> [What the task requires]
All lines below containing the string "Volkswagen" are to be copied.

Start of The data

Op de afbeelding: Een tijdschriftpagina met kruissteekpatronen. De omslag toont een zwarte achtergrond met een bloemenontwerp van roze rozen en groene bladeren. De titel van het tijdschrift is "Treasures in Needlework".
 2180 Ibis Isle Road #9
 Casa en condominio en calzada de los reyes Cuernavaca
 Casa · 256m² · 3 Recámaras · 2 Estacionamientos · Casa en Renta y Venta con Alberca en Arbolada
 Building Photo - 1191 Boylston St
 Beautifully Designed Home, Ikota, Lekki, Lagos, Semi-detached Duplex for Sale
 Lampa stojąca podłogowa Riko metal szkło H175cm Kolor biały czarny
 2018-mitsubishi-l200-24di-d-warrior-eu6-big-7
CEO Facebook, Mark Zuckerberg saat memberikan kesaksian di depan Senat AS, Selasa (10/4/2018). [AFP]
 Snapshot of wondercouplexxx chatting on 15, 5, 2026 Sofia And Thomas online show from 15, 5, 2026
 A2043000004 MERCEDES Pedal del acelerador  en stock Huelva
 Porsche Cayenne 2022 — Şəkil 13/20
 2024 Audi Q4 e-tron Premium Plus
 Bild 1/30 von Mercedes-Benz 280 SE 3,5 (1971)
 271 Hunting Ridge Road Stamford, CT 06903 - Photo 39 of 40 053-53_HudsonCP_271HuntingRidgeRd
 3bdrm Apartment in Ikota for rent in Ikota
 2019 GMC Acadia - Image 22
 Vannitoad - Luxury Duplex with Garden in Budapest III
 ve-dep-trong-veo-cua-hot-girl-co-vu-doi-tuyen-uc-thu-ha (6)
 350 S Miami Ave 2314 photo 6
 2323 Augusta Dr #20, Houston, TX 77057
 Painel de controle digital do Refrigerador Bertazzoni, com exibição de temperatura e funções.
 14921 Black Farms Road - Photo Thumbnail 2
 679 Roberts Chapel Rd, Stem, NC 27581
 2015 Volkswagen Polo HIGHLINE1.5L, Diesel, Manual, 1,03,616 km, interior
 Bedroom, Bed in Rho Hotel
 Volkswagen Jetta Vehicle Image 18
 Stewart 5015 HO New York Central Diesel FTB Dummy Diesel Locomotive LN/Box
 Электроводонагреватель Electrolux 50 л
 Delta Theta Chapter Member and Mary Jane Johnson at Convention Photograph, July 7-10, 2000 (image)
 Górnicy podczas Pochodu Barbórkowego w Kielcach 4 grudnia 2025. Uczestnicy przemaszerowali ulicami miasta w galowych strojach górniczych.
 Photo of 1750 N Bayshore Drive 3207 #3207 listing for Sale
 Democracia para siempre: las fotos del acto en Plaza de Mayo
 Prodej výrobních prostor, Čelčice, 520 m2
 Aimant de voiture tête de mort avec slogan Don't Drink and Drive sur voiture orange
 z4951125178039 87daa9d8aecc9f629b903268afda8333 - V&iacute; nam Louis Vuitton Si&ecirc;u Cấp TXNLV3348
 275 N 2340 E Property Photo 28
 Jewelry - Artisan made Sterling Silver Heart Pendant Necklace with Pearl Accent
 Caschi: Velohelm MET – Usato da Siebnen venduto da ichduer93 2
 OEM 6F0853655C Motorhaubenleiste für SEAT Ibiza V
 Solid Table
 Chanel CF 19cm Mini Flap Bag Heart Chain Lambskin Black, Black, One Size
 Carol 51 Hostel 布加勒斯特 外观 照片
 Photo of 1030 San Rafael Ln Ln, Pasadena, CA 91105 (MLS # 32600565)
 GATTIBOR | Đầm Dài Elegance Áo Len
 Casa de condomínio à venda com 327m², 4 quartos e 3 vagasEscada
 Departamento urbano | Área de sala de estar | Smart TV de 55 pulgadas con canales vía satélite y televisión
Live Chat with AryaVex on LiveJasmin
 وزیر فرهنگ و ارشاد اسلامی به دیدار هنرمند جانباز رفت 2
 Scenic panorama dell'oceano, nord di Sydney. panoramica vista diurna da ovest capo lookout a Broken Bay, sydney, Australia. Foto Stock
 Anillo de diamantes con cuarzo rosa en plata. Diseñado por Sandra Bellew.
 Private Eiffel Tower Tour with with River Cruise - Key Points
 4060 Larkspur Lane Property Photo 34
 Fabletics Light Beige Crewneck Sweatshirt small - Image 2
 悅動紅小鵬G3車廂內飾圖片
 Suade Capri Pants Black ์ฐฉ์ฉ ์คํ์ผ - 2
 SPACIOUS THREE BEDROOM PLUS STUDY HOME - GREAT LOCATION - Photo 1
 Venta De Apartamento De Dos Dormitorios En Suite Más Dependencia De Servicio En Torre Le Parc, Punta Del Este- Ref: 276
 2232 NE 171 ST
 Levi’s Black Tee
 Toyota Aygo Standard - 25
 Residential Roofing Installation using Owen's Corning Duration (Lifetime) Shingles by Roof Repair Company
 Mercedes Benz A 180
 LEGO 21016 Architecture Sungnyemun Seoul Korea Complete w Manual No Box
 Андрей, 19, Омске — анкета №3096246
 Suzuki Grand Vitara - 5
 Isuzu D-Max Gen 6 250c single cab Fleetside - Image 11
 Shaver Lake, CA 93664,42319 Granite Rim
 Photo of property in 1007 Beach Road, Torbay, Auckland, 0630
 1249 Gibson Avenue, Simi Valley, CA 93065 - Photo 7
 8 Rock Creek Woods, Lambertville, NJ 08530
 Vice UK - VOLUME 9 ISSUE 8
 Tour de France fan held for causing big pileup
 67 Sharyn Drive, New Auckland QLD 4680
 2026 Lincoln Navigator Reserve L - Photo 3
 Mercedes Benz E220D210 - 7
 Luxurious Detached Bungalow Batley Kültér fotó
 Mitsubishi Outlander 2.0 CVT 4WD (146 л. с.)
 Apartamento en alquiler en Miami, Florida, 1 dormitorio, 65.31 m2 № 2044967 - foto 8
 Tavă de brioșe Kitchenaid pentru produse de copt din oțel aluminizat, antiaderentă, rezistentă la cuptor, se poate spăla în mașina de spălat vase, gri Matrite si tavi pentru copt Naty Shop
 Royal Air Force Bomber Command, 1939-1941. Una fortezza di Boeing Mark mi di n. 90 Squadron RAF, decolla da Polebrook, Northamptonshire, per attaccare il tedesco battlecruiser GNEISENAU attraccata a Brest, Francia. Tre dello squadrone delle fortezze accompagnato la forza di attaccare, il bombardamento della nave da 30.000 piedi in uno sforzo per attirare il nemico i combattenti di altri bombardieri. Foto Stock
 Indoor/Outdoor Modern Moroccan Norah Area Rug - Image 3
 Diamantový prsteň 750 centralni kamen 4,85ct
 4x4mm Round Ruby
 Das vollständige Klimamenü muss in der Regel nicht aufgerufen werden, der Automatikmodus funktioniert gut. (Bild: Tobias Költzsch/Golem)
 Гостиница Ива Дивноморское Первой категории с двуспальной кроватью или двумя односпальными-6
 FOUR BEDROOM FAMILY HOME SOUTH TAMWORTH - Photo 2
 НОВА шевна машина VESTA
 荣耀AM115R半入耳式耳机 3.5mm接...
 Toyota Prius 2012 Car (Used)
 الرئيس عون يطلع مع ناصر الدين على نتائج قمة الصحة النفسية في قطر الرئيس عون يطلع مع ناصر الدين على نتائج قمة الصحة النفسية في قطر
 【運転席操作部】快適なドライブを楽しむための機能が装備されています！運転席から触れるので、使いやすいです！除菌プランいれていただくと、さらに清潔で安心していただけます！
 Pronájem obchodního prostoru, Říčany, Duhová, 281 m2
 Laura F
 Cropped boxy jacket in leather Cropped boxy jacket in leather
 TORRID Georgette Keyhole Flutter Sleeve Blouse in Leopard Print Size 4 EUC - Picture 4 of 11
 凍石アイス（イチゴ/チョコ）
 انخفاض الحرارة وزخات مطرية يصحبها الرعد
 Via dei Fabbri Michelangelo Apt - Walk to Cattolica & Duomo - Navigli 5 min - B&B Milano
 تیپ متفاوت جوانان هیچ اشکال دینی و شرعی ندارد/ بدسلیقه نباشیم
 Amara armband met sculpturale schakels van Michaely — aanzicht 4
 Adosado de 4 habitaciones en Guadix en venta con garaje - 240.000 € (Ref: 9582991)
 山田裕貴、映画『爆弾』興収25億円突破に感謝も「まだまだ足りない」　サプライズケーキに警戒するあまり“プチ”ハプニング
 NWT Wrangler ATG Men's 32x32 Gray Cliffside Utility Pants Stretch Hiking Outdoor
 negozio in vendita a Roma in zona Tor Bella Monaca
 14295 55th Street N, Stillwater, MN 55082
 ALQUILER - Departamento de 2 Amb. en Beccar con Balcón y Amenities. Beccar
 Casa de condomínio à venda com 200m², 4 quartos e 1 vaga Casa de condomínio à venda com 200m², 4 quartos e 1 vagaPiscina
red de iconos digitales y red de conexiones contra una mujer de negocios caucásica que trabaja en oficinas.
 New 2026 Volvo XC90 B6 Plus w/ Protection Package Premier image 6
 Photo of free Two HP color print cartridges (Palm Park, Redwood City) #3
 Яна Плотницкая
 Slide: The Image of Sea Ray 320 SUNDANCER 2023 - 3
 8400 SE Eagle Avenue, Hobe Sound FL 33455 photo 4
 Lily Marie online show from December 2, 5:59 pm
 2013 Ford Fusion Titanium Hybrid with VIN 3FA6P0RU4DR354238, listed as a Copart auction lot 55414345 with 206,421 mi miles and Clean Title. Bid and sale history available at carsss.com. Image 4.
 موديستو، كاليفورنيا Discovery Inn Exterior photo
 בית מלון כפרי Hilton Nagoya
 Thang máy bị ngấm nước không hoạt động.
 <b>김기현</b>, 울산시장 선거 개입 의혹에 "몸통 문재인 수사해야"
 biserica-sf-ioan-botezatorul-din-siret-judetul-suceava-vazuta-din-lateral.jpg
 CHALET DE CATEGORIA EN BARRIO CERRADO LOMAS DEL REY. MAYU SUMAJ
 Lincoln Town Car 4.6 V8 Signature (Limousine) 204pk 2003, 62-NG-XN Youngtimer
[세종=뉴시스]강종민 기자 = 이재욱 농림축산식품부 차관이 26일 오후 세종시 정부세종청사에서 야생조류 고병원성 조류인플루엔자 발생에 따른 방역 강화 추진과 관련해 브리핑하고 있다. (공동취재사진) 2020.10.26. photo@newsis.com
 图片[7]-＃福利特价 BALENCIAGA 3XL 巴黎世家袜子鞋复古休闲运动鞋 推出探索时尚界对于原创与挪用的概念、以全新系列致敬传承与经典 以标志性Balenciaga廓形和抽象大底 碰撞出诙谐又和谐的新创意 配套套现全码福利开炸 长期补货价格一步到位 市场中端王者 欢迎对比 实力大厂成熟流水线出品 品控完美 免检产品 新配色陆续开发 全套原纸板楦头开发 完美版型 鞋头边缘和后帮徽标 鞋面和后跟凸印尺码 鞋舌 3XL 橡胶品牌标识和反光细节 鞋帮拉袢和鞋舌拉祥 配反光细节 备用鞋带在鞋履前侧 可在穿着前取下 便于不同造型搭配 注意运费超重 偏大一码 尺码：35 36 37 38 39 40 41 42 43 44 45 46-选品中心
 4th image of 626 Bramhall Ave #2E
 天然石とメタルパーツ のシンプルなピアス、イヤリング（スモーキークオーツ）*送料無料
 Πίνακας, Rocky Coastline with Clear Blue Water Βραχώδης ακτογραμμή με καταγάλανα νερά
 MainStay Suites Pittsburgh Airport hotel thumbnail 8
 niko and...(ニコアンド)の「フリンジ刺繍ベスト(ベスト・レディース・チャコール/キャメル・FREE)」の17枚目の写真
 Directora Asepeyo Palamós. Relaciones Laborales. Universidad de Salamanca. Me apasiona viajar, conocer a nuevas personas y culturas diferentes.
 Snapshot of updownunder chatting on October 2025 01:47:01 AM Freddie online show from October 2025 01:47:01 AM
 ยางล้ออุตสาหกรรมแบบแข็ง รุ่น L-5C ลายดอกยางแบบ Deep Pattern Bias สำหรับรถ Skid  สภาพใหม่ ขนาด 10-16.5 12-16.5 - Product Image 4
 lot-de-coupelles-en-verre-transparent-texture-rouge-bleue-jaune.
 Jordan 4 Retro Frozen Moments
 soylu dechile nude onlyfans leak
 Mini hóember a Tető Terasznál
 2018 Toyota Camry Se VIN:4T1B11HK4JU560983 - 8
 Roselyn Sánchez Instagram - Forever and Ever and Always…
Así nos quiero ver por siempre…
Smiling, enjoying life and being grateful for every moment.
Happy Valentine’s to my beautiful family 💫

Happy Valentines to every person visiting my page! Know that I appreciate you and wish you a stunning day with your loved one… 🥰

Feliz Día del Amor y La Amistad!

End of The data

> [Exercise answer]
 2015 Volkswagen Polo HIGHLINE1.5L, Diesel, Manual, 1,03,616 km, interior
 Volkswagen Jetta Vehicle Image 18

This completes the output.